Steep Hollow Creek flows through one of several glens formed by creeks cutting down the eastern slope of the Cayuga Inlet Valley. Aptly named, this creek has cut through very deep gravel deposits to form a steep-sided glen. The creek now flows over exposed bedrock in a series of small waterfalls.
This shady wooded hollow is one of Ithaca’s most pristine ravines. The site is very diverse and includes a dry knoll, upland forest on a steep slope, floodplain forest, and a creek bed.

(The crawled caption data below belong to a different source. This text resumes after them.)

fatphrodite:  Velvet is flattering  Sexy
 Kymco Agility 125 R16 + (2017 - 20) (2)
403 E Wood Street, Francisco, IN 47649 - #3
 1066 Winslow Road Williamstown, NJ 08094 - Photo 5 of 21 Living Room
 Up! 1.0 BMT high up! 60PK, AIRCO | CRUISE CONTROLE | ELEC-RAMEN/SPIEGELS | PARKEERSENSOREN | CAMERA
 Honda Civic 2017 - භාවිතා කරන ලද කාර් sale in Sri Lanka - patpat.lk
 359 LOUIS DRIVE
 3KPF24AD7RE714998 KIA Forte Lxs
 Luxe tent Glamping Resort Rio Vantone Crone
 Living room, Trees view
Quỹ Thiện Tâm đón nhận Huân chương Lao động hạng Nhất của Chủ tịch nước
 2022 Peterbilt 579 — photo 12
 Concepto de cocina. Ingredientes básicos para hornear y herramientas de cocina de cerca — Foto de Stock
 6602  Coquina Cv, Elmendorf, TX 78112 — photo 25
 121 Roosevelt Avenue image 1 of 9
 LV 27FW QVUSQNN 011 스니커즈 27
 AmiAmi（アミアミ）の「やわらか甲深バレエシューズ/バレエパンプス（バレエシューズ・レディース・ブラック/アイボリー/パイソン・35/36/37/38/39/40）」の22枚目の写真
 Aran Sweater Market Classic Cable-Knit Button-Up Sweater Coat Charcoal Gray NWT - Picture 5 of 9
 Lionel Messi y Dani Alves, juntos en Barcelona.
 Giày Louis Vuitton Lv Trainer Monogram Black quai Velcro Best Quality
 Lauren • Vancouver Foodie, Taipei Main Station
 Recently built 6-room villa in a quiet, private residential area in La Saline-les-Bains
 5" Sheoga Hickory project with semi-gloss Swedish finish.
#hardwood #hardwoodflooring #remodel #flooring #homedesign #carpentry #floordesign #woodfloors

On the dry knoll at the top of the slope, black oak (Quercus velutina), red oak (Q. rubra), chestnut oak (Quercus prinus), white oak (Q. alba), shagbark hickory (Carya ovata), pignut hickory (C. glabra), red cedar (Juniperus virginiana), sassafras (Sassafras albidum), and white pine (Pinus strobus) are found. In the understory are flowering dogwood (Cornus florida), blueberries (Vaccinium angustifolium and V. pallidum), wintergreen (Gaultheria procumbens), pussytoes (Antennaria plantaginifolia), and many mosses.
On the rich, gravelly lower slope, characteristic species are basswood (Tilia americana), red maple (Acer rubrum), sugar maple (Acer saccharum), white ash (Fraxinus americana), and black cherry (Prunus serotina). At the base of the slope, the creek meanders across a floodplain through gravelly material. Characteristic floodplain species include sycamore (Platanus occidentalis), cottonwood (Populus deltoides), black walnut (Juglans nigra) and butternut (Juglans cinerea). Spring wildflowers are abundant.